Réponse à la queue de Robespierre par un franc républicain, 1794
Il y a dans cette interpellation pamphlétaire de l’automne 1794, toute l’évocation des difficultés qui surviennent au lendemain de l’exécution de Maximilien Robespierre le 28 juillet de la même année. La Terreur et les terroristes ont-ils pour autant disparu ? La France en a-t-elle terminé avec ce régime discrétionnaire ?

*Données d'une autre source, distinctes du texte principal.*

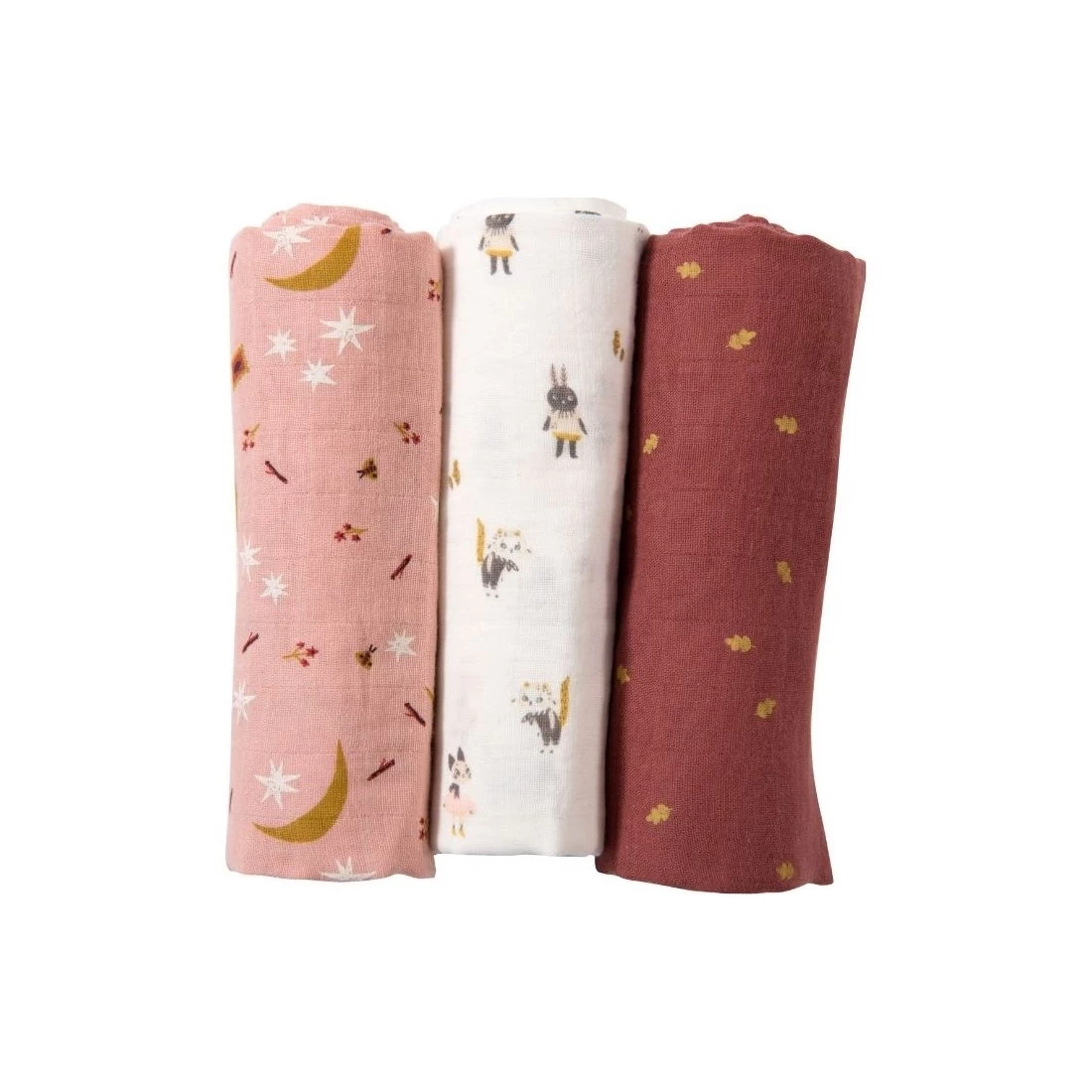 Coffret De 3 Langes En Coton Bio "Après La Pluie" - Moulin Roty 4 Coffret De 3 Langes En Coton Bio "Après La Pluie" - Moulin Roty – Image 4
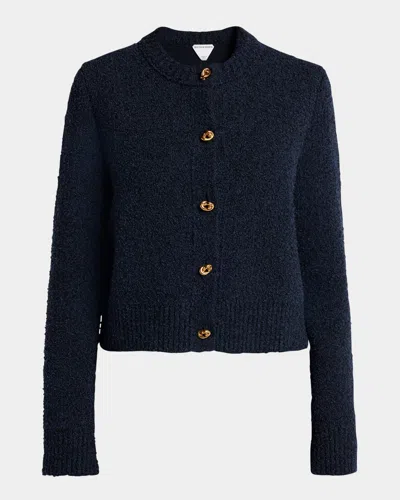 Bottega Veneta Knot-button Boucle Knit Cardigan In Blue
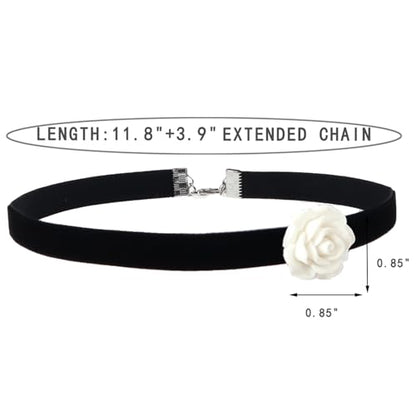 Handcrafted Velvet Choker Necklace with Exquisite Camellia Pendant Fashion Jewelry for Women - color: BLACK01W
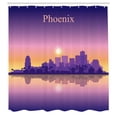 thumbnail image 2 of Ambesonne Phoenix Shower Curtain, American City Skyline Dawn, 69"Wx70"L, Pale Orange Fuchsia, 2 of 4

Après plusieurs mois à la tête du gouvernement révolutionnaire et inspirateur de la dictature du Comité de Salut Public, Maximilien Robespierre (1759-1794) assuma jusqu’au bout les contradictions d’un régime violent et liberticide associé à une exigence de vertu révolutionnaire (photo n°1). Face à ceux qui voulaient au cours des mois de juin-juillet 1794 relever le glaive de la guillotine, il persista jusqu’au bout à poursuivre les ennemis de la Révolution en proclamant que « La véritable victoire [était] celle que les amis de la liberté remportent sur les factions » (9 juillet). On sait peu que le mouvement qui fit tomber Robespierre le 27 juillet (9 Thermidor de l’an II) prit naissance au sein même du personnel qui œuvrait depuis des mois au service de la Terreur. Robespierre était la base du gouvernement terroriste, responsable des exécutions en chaîne des derniers mois, et ce sont les députés de la Convention qui l’ont abattu. Le 26 juillet (8 Thermidor), Robespierre intervint après plusieurs jours d’absence à la tribune. Il dénonça pêle-mêle tous ses ennemis et notamment Joseph Cambon (1756-1820), chargé des finances, soupçonné de revenir à des pratiques de l’Ancien Régime. Il fit monter la crainte chez ceux qui se sentaient visés et parvint même à réconcilier des ennemis d’hier. Encouragés par les initiatives de Joseph Fouché (1759-1820), futur ministre de Napoléon et responsable des tueries de Lyon au cours de l’été 1793 ainsi que de Jean Lambert Tallien (1767-1820) responsable des pires excès en Gironde la même année, les conventionnels se retournèrent en quelques heures contre le « tyran » .
« Si Danton a peut-être été guillotiné par le fanatisme, Robespierre a sans nul doute été guillotiné par des coquins »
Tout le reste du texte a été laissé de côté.